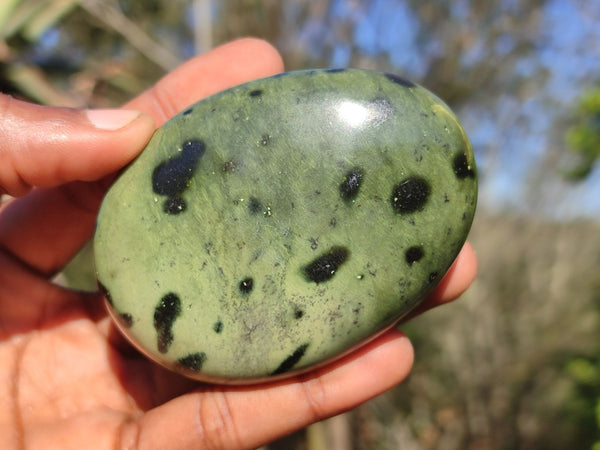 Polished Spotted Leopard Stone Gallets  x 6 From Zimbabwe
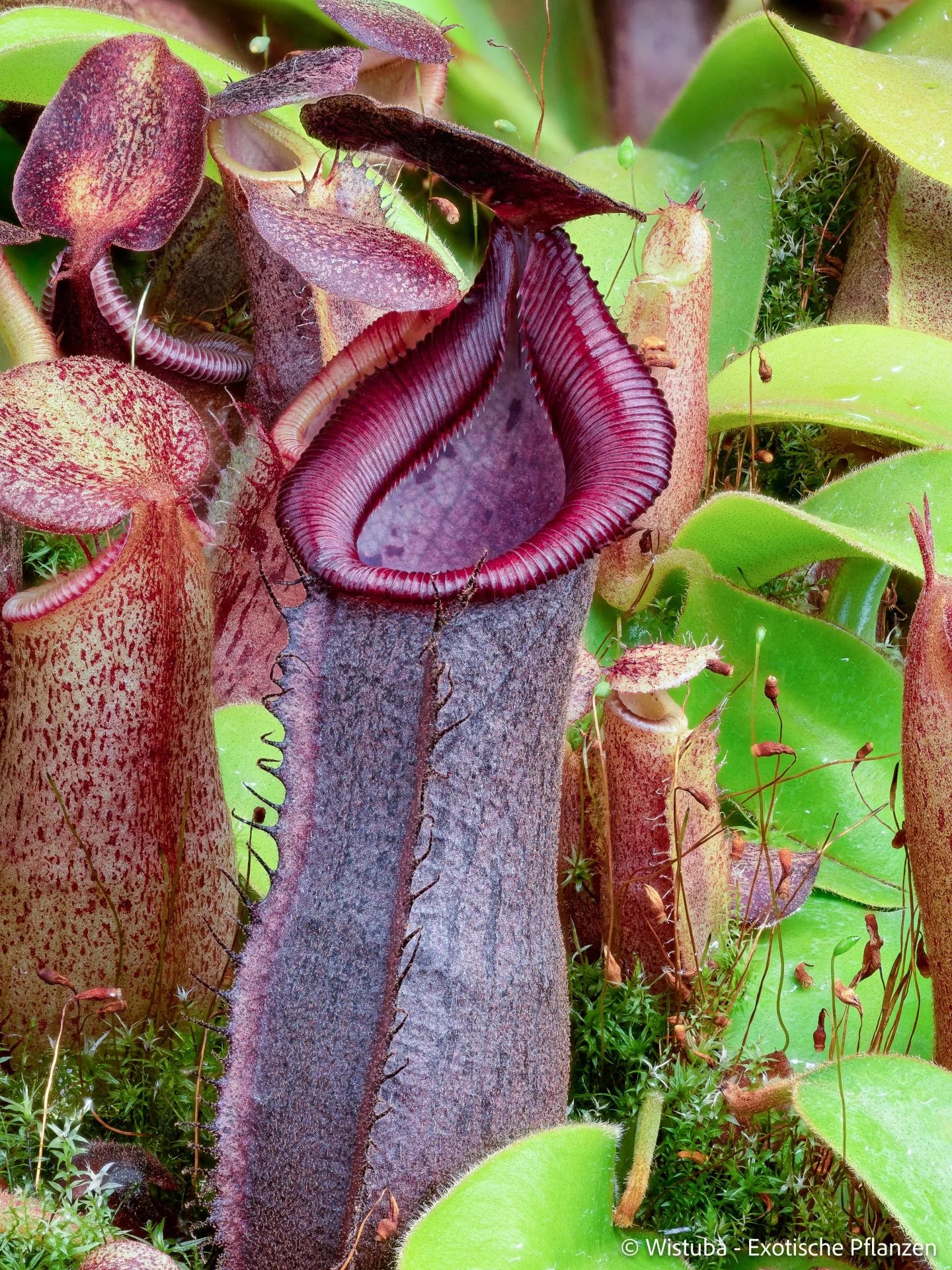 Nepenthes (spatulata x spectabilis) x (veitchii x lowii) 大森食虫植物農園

****

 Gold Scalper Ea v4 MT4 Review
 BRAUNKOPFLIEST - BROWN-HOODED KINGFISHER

****

The line above containing "Gold Scalper Ea v4 MT4 Review", the line containing "BRAUNKOPFLIEST - BROWN-HOODED KINGFISHER", and every line between them are to be transcribed exactly; no other line is wanted.

 Gold Scalper Ea v4 MT4 Review
 BRAUNKOPFLIEST - BROWN-HOODED KINGFISHER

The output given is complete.